Пока я располагался в кресле, закуривал и принимал лично принесенные Поскребышевым пиво и бутерброды, преображенный Иосиф Виссарионович встал из-за стола и, прохаживаясь с задумчивым видом по дивному ковру, изредка внимательно поглядывал на меня.
— Ну,
— Пиво хорошее и подоспело вовремя. Так зачем я вам понадобился?
— А вы, оказывается, еще и писатель, — произнес Сталин, глядя на меня с состраданием. — Скажите, как назвать эти ваши беспомощные потуги приблизиться, приобщиться к политическим деятелям прошлого путем их изображения на страницах вашего дневника?
Я поставил пивную кружку на письменный стол.
— Да, да, — продолжал он, — читал я этот ваш проклятый дневник, и нечего таращить на меня злые глаза! И уберите кружку со стола, здесь вам не пивная!
— Я в своем доме и буду ставить кружки там, где мне заблагорассудится! А вы! Читать чужие письма и личные дневники! Иосиф Виссарионович, вы ведь мужчина, как вы могли пасть так низко?

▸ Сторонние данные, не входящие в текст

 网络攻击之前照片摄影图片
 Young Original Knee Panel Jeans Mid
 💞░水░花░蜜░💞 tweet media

— Оставьте ваши интеллигентские штучки! Дневник лежал открыто, на кухонном столе… Вы же его не прятали! Вот мой друг Лаврентий во время занятий кулинарными изысками его и обнаружил. И прочитал. Скажите спасибо, что он не завернул в него какие-нибудь огрызки, как это обыкновенно делаете вы, и не выбросил в помойное ведро.

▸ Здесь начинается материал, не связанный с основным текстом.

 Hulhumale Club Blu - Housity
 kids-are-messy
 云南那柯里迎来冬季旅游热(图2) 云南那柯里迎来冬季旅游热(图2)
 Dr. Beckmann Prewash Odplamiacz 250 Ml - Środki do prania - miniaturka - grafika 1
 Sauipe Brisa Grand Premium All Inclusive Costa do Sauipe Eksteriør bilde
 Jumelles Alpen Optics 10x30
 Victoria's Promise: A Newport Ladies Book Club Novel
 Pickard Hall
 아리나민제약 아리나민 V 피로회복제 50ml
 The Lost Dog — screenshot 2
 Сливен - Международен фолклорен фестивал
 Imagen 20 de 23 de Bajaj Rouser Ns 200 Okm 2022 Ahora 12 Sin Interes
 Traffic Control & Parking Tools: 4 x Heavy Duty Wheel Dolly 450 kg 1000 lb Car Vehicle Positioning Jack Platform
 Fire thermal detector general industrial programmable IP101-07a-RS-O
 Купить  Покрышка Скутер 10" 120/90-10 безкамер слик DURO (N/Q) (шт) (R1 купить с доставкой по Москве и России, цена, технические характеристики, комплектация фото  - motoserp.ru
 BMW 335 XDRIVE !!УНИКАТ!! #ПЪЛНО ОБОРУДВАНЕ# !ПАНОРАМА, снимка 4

— Черт с вами! Верните дневник.
— Мне чужого не надо. Он у Лаврентия. У него и просите.
— Не считайте меня идиотом. Я знаю, что вы у меня в руках. Мне моя жизнь не дорога. Я человек конченый. Вы поняли, что я имею в виду? Верните!
Подействовало! Хотя Сталин не изменился в лице — актер он был первоклассный, я увидел страх в его глазах. Я, казалось, слышал слова, которые он произносил про себя: "Понял, проклятый!". Тем не менее, он улыбнулся, обнажив почерневшие от табака зубы:
— Андрей Андреевич, вы совершенно не понимаете шуток. Через мгновение дневник будет благополучно лежать на прежнем месте, да он уже, можно сказать, и лежит там, на вашем кухонном столе, он просто дожидается вас, дорогой вы мой! — Сталин повертел головой: — Лаврентий, ты где? Ты уже вернулся с митинга? Ты меня слышишь? Ау!
— Так точно, слышу, товарищ Сталин, — мне показалось, заговорили стены, — все на месте и в полной сохранности.
— Ну вот, видите, все и устроилось. Не хотите еще пива?
— Лучше водки.
— Ах, не бережете вы себя! Ну да ладно, что с вами поделаешь. Понимаю, понимаю, тонкая душа художника… Товарищ Поскребышев! Водки товарищу Сюхову! Я пригласил вас, товарищ Сюхов, потому, — продолжил Сталин, — что мне необходимо вас переубедить и, по возможности, сделать своим сторонником…
— Я бы на вашем месте не терял времени даром…
— Я никогда не терял времени даром!
— Сказать вам откровенно, что я о вас думаю?